# Alternatives to Elavil for IBSd



## muttleytm (Jan 8, 2013)

I have IBSd have been prescribed Elevil and Bentyl. I take 50mg of Elavil. It has helped my IBS a lot.

However, I have gained a lot of weight. I suspect it is from the Elavil. The weight gain is starting to cause some problems: I am testing as pre-diabetic and I am having knee pain and leg pain issues (I have had surgery on one of my knees). I think it is time to look for something else.

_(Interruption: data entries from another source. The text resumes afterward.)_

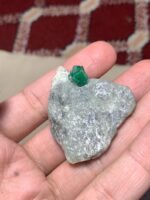 A Monumental 129.27-Carat Swat Emerald Specimen — A Natural Sculpture of Green Beauty - Image 4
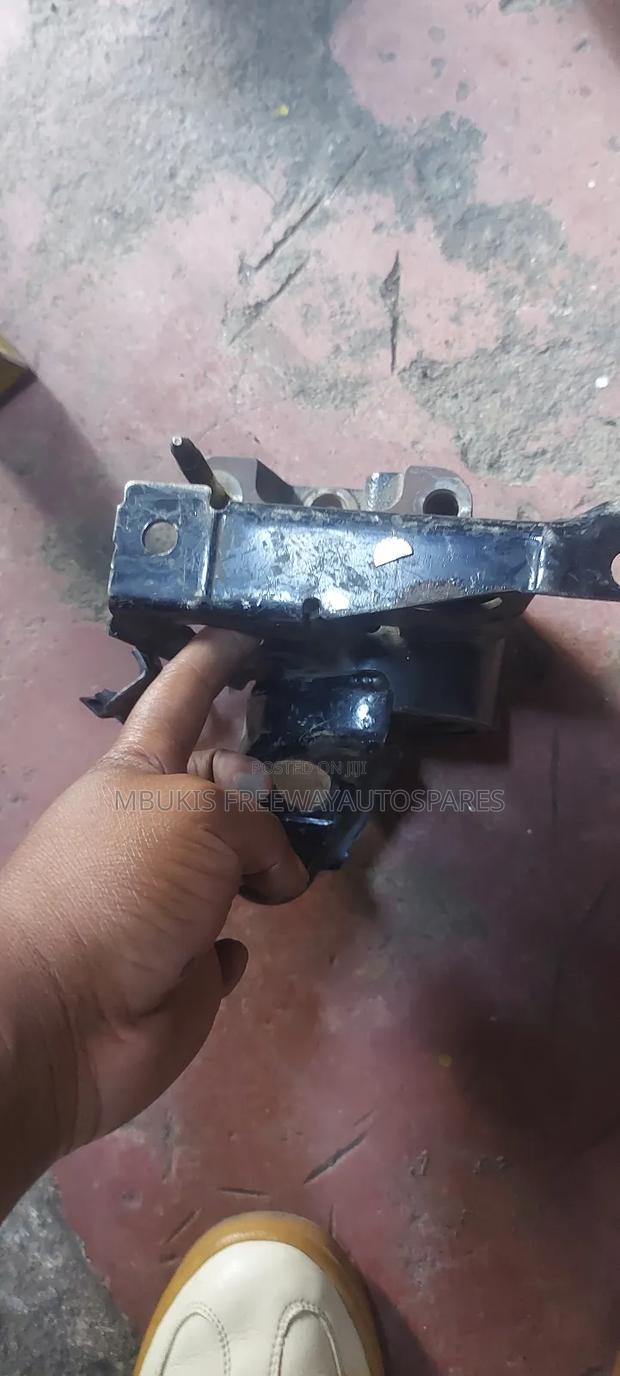 Gear Mounting Xtrail Old Model Nt30 - thumbnail 2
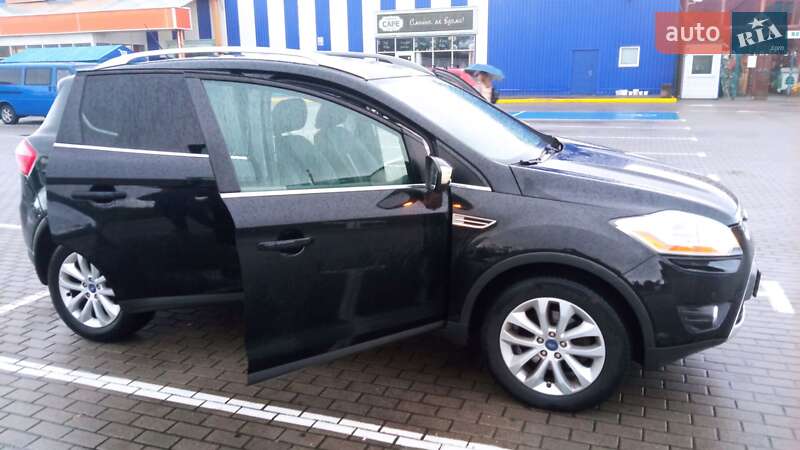Внедорожник / Кроссовер Ford Kuga 2010 в Стрые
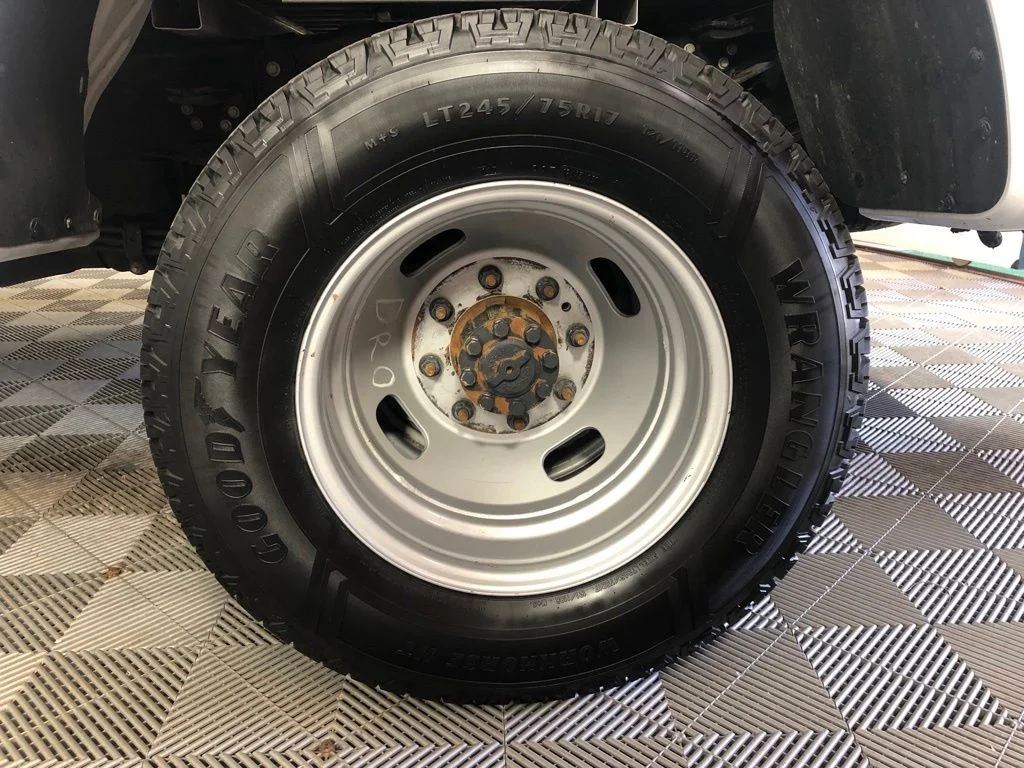Certified Used 2025 Oxford White Ford XLT image 25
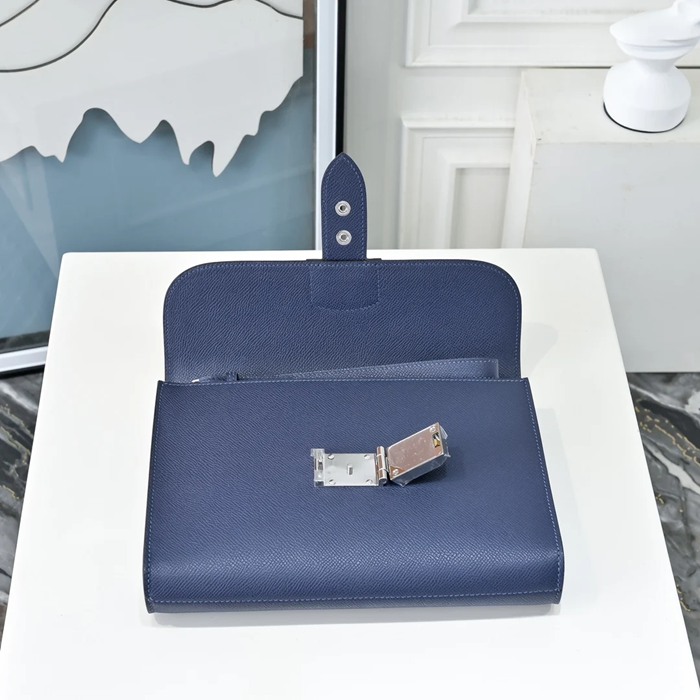 HERMES サック ア デペッシュ 信差バッグ 21cm トゴ革 サイズ:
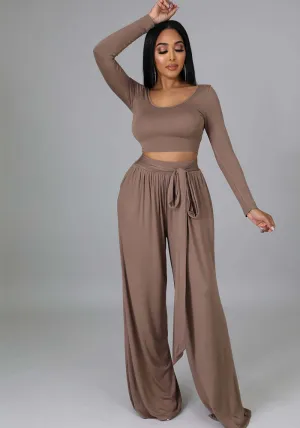 Elegant Round Neck Crop Top and Flowing Wide-Leg Trousers Two-Piece Set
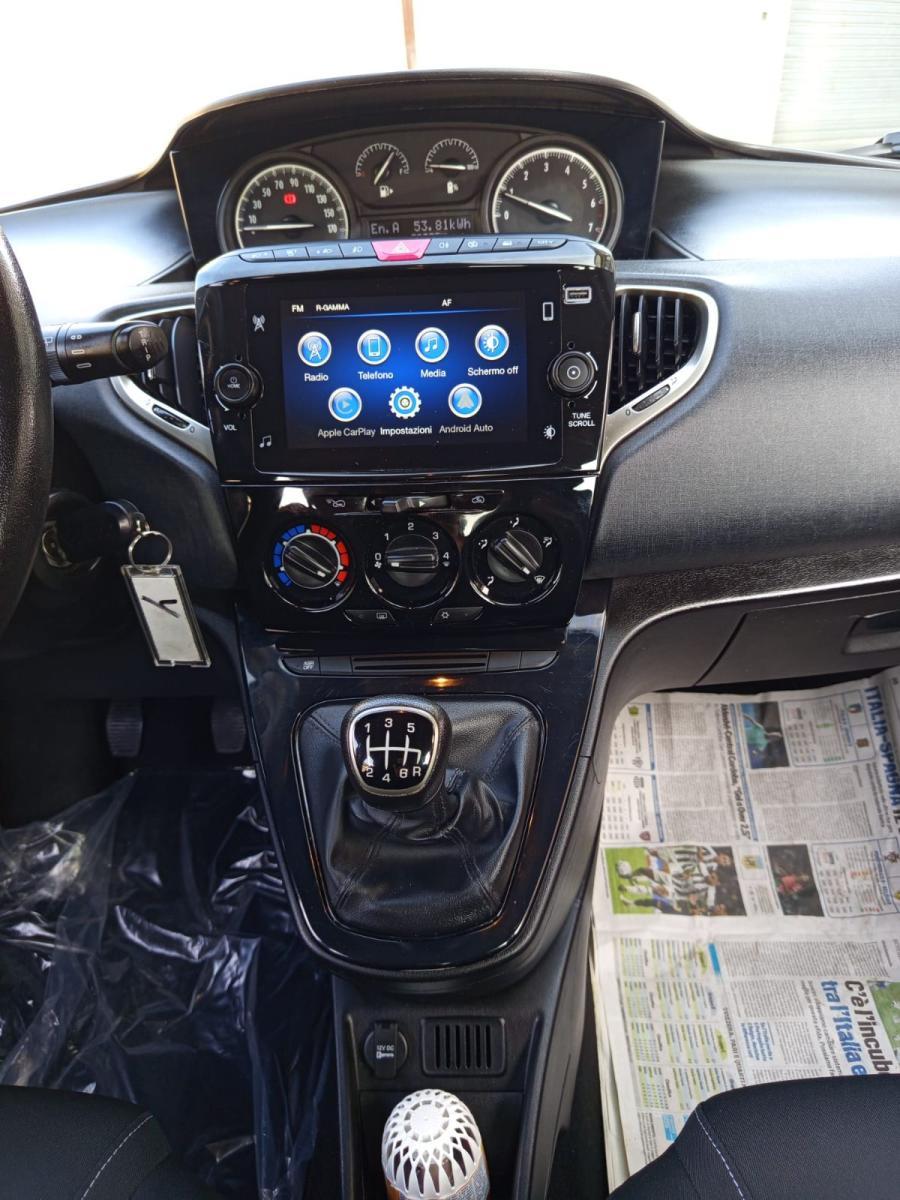 LANCIA Ypsilon 1.0 FireFly 5p. Hybryd Gold - 2022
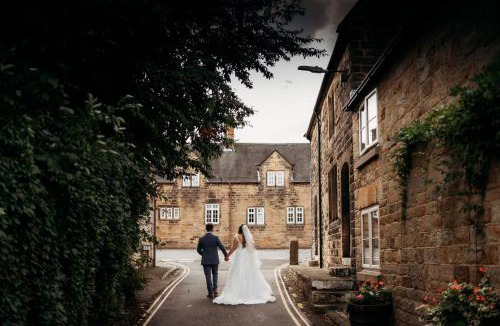 Alfreton Hotel | Santo's Higham Farm Hotel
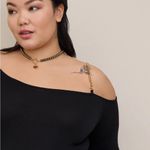 Torrid NWT  Asymmetrical Off-Shoulder Long Sleeve Top with Chain in Black Size 3 Photo 2
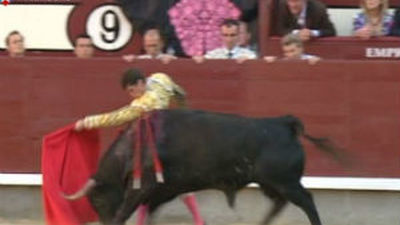 Valor, temple y arrogancia de Daniel Luque, que corta una oreja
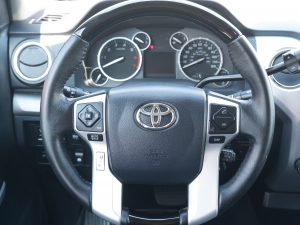 タンドラ新車並行　アメリカ　４WD　ベンコラ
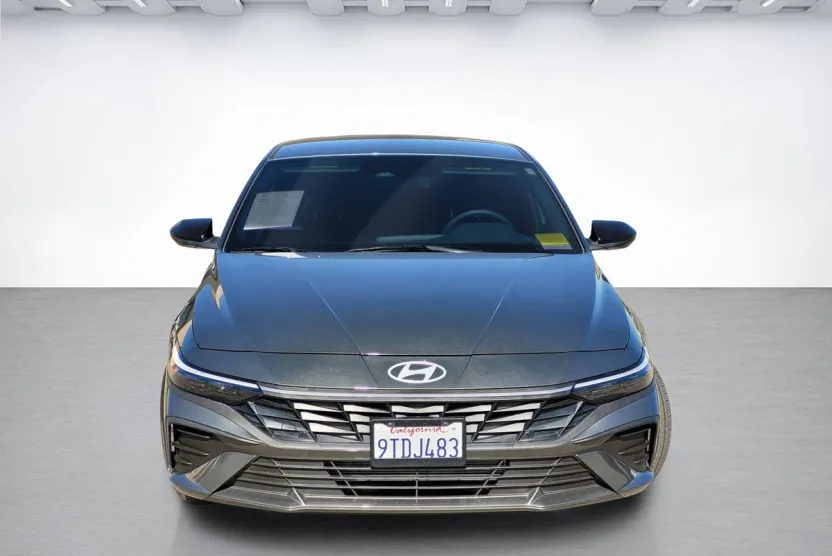 2025 Hyundai Elantra SEL Sport photo 1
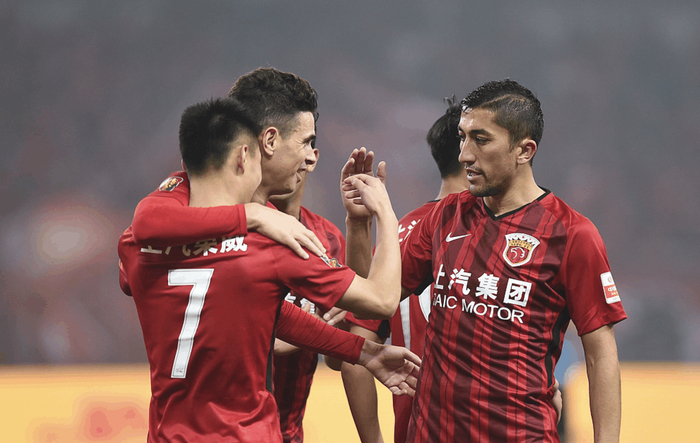 关于上港客场逆转重庆,延续不败势头追赶前列的信息 关于上港客场逆转重庆,延续不败势头追赶前列的信息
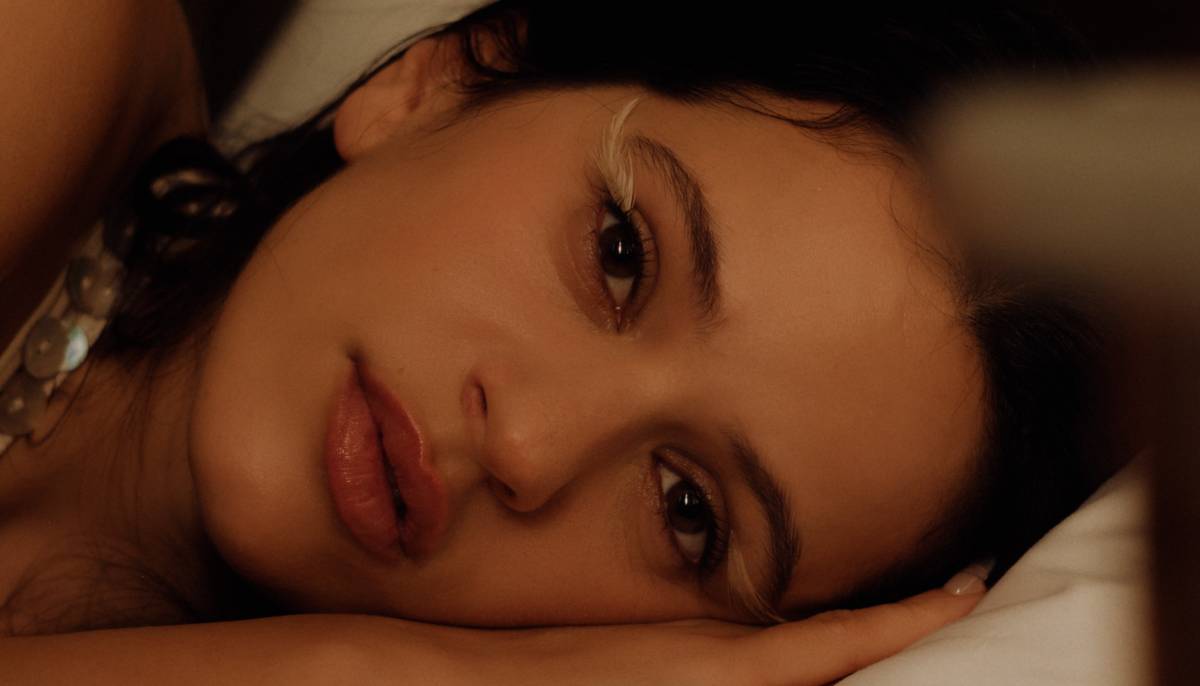 Rosalía despublica el nou tema del disc «Lux» titulat «Reliquia» poc després de publicar-ho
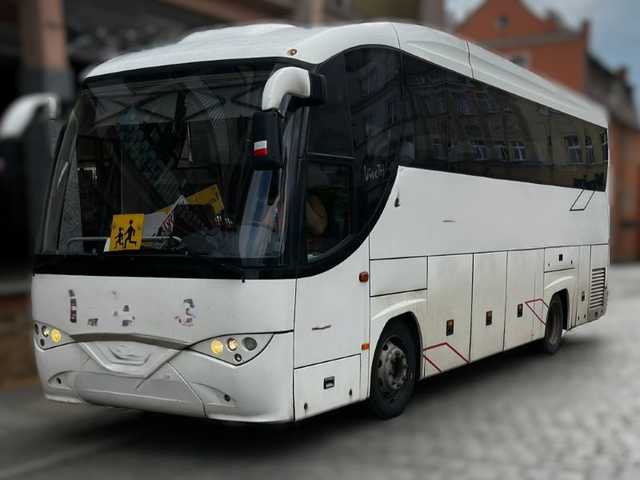 Kolejne dwa autokary, mające wieźć uczniów na wycieczki, w złym stanie technicznym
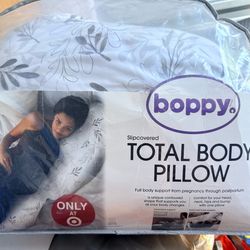 Boppy total body pillow -pregnancy pillow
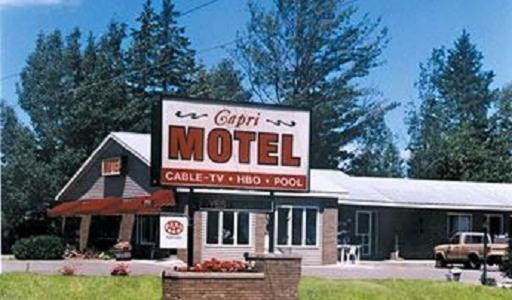 Capri Motel Mackinaw Stadt Exterior foto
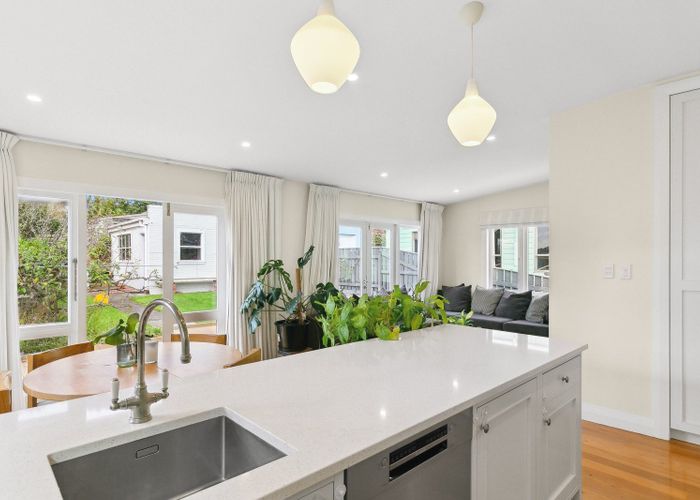  at 10 Herald Terrace, Berhampore, Wellington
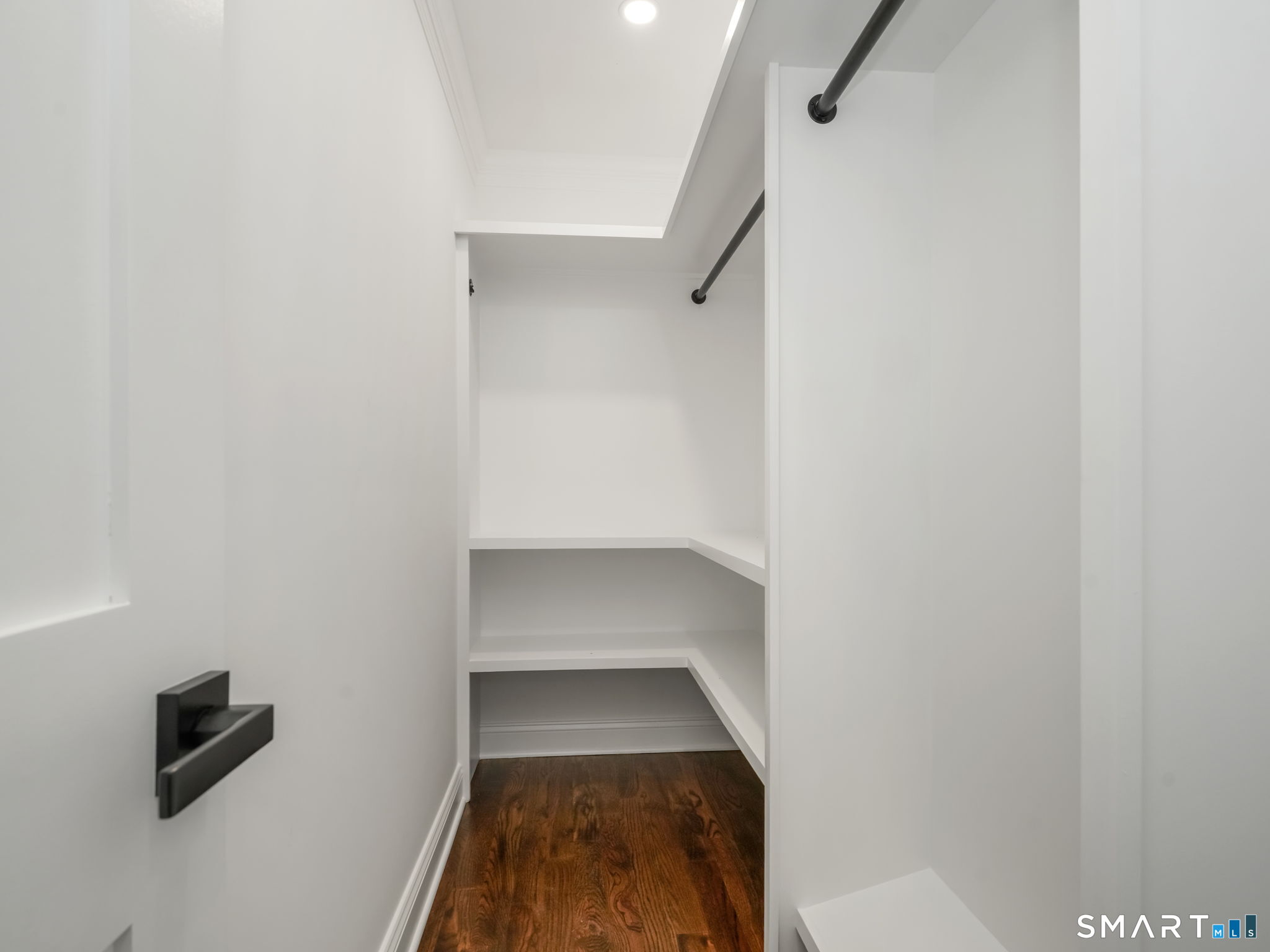 419 Valley Road Fairfield, CT 06825 - Photo 20 of 35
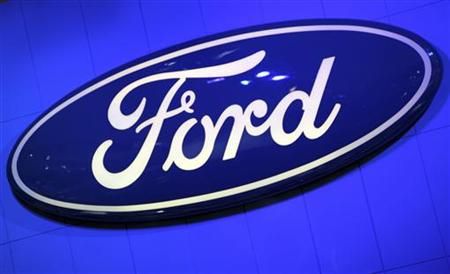 Ford Motor के शेयरों में मामूली बढ़त: हाइब्रिड और इलेक्ट्रिक वाहनों के बीच तालमेल बिठाने की कोशिश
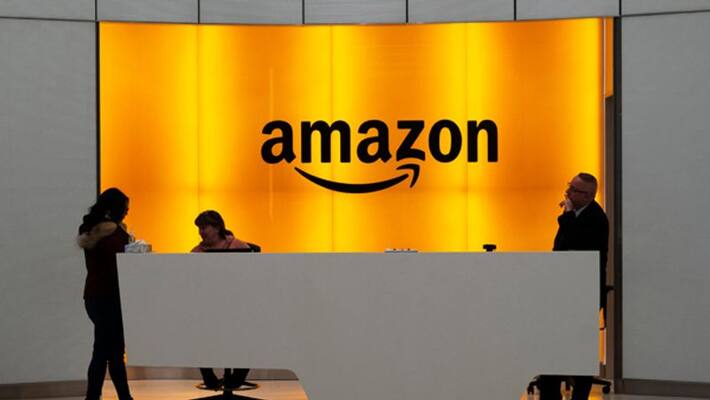 Amazon give full time jobs to temporary employees Amazon give full time jobs to temporary employees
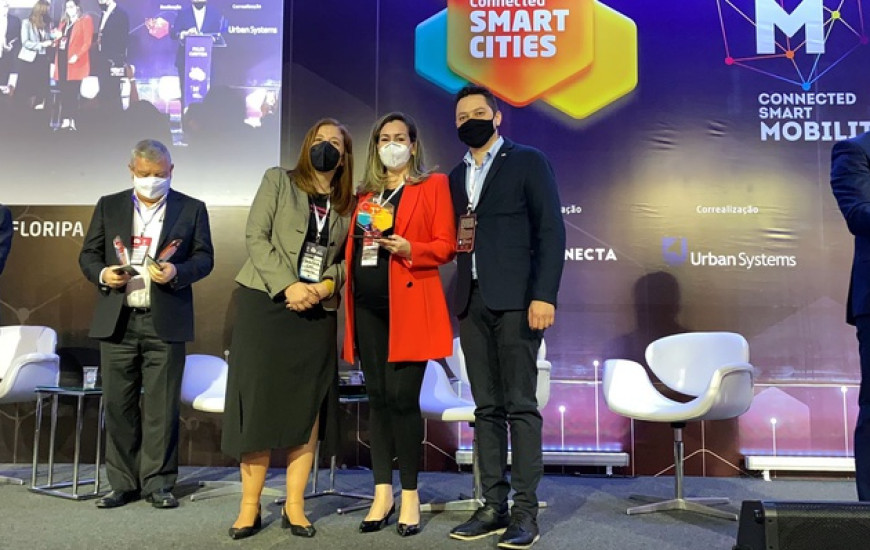 Cinthia Ribeiro, ao lado da CEO Paula Faria e de Marcos Vinholi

I see that the FDA has recently approved Viberzi and Xifaxan. I think the Viberzi is sort of a souped up Immodium and the Xifaxan is an antibiotic that only works in the gut and is used for small intestinal bacterial overgrowth.

Does anyone have any experience with either of these? Or have any suggestions of alternatives to Elavil?


----------



## rajiv_gupta (Jul 16, 2014)

i have been taking Xifaxan for more than two years. when i started taking Xifaxan it really helped to control the diarrhea but with passage of time its efficacy is reducing.

not sure why, may be the bacterial overgrowth in the gut is now getting immune to it.

I also tried Elavil ( Amitriptyline ) for few days but discontinued because i also suffer from open angle glaucoma.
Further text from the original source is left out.